Among the entries below, how many lines include "Vista"? Give the number alone.

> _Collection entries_

::::

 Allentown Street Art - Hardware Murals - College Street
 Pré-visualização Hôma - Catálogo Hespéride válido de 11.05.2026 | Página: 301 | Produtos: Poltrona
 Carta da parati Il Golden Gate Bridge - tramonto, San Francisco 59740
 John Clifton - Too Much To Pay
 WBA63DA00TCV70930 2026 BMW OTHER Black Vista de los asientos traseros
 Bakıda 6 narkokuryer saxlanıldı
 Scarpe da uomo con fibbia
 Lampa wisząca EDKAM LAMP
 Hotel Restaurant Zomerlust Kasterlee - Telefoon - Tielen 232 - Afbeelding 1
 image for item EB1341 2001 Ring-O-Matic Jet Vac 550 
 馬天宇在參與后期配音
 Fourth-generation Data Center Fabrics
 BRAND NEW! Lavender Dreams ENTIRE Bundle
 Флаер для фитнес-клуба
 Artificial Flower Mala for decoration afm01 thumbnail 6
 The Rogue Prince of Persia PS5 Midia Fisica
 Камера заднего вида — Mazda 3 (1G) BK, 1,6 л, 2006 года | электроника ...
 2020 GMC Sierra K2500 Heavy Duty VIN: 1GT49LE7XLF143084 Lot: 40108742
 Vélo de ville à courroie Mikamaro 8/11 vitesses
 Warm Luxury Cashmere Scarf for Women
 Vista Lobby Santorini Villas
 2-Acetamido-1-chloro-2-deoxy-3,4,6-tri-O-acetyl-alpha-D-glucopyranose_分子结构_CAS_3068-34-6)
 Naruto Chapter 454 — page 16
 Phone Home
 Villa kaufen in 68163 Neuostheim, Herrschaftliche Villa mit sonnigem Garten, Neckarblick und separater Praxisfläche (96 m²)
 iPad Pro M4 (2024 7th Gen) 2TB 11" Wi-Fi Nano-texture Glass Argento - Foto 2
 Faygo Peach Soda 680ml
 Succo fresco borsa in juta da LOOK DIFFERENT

::::

> _RESULT BELOW_
2